He might have sighed inwardly then, if he was the kind of guy who sighed—he wasn’t. He dodged my emotional curve ball and tried to deflect away from the matter at hand: the fact that it was Valentine’s and he called me, because he cares.

“Well it’s almost over.” He noted. “And I was also calling about something else.” It was, arguably, 11: 56 pm when I hit the call button.

Of course, I quibbled, “Well it’s not quite over yet though.” I almost cooed it. Almost. Everything is strategy when you love a guy who cannot love you back the way that you want. When you love someone whose emotional maturity level may not always match up with yours. So many things are elusive, too. Sometimes even impervious. It is hard. But yet, I am still here after all these months, with the phone in my hand and the thrum of my full heart in my chest.

When I make him an offer to come by later if he wants to, he doesn’t want to drive over the bridge to my neighboring county, yet he is irked that I am, in fact, out on Valentine’s. I can hear it in the snap of his reply. He worked an eight hour shift until 11 pm and never tried to make plans with me. He buries disappointment so fast sometimes you could almost miss it, but I catch it because I am always on the look-out. I don’t tell him where I am exactly (strategy, remember) and it feels silly because, it is, and I spend my Valentine’s late-night alone in bed with a dull ache in me. I miss him terribly for a while, then I sleep.

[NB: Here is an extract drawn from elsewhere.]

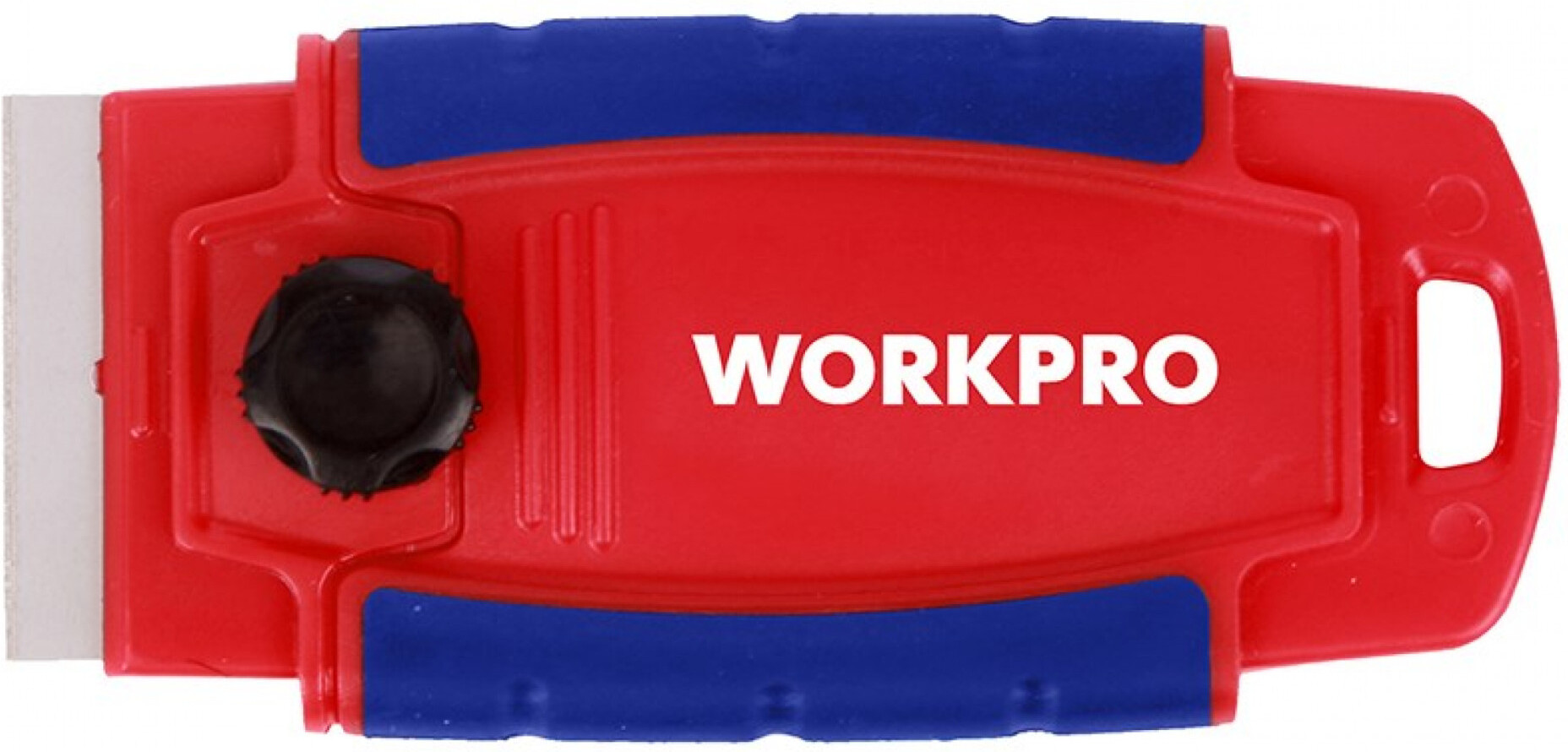 Скребок WorkPro WP219003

This all began when I met him in a mutual friend’s party about a year ago. We’re from the same island nation, Trinidad and Tobago. He was funny and he could dance. He was younger than me, tall, and a lover of carnival and music. We wound ourselves around each other slowly, at first—texts and short phone calls and exceedingly random and sporadic Facebook messages—now my spool is a hot, frayed out mess. We grew to know and like each other more, letting each other in. As communicative air signs, we reveled in conversations, long succulent ones; after his shift as a CNA and my stints at teaching, we talked overnight into several mornings. Conversations like those I had as a teenager, trying to get to know every nook and cranny of each other’s minds. He grew to be one of my dearest friends. I was loving him beyond friendship and one day (night really), we finally talked about it, albeit under the heady influence of Caribbean rum and we acknowledged that we loved each other (me first, naturally).

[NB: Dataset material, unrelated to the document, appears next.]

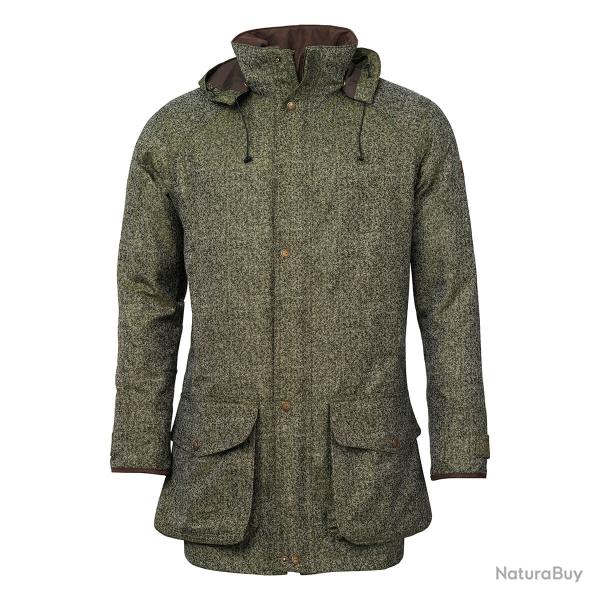 Veste Cairnwell avec membrane CTX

And because “I love you” is a spell caster, I clung to the magic and reverence of the words in my head and fed myself from it often: the idea and the words. And what about the practice? Actively loving and expressing love fearlessly takes courage and it takes more than simply admitting that you love someone. I have never been in love before, not in this way, so I don’t know what to compare it to. There is so much I don’t know about love and I have considered that it’s also possible that the language has simply failed me. What if I just really like him a lot? And want him to be the best person that he can be? What is it? And if it is love, why would someone try to run from it?

I had two choices when he told me he was afraid of trying to love me the way that I wanted: either that it was crap and he was playing me for a fool or it was true. And even if it was true, then what? He loved me but had never lived on his own before, far less away from home with freer rein than ever before to flex his mettle at being a man. While his mother raised him in the West Indies, his father resides in the US and they have a decidedly terse, though working relationship. His dad is what we call a “sweet man” in Trinidad—a Caribbean ladies’ man who is good looking with light colored eyes. He tells me he is trying not to be his father but he also admits that he knows he is.

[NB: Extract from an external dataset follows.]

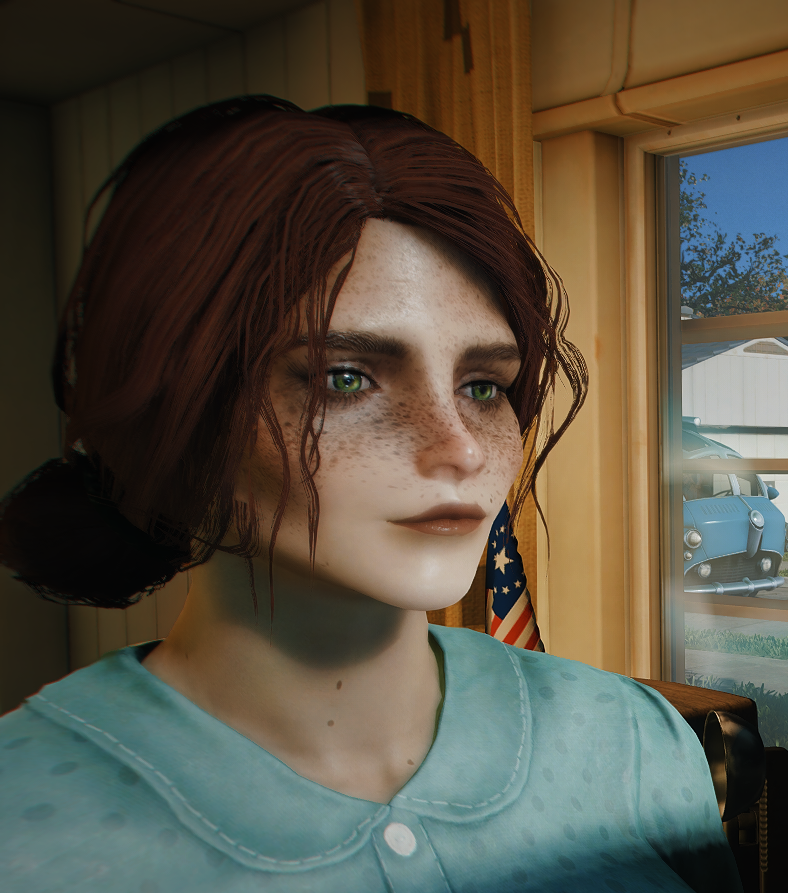 ScreenShot1526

But he could just love me, right? Commit to me? Be brave. What good are these musings on cosmic connections and synchronicities that leave both of us occasionally flummoxed and transfixed otherwise? He is there for me even when he is mad at me and I have been hurtful or petty; and I am there for him likewise. He emotionally shows up when I least expect it sometimes, but he doesn’t show up in the other ways I want him to. It feels Sisyphean, between the love and the fear. Between what I don’t know and what I think I know. We exhaust each other sometimes. Breaking up and coming back together, then again. But he is also lovely in the way that he tries to crack himself open to make a call on one of the most stereotypically romantic days of the year. It’s a small bone I gnaw at hungrily.

Last summer, we were on the same flight to Toronto; he went for Caribana and I to visit my sister and wander a city removed from the south east mugginess. We weren’t talking before that flight and I threatened to change seats but couldn’t because I checked in too late. When the turbulence started, I was glad that he was next to me: to talk to, laugh with, his presence was a calming energy and his forearm was where I wrapped my fingers. Our touch often feels familiar, like in a parallel universe somewhere, we love each completely and our souls remember echoes of this. February was also his birth month. I got him two shirts and a pair of socks. He really digs funky socks. I love him but what I fear most is that maybe, he cannot ever love me the way that I want. Or worse yet, he just doesn’t want to. Maybe the fear resides in me.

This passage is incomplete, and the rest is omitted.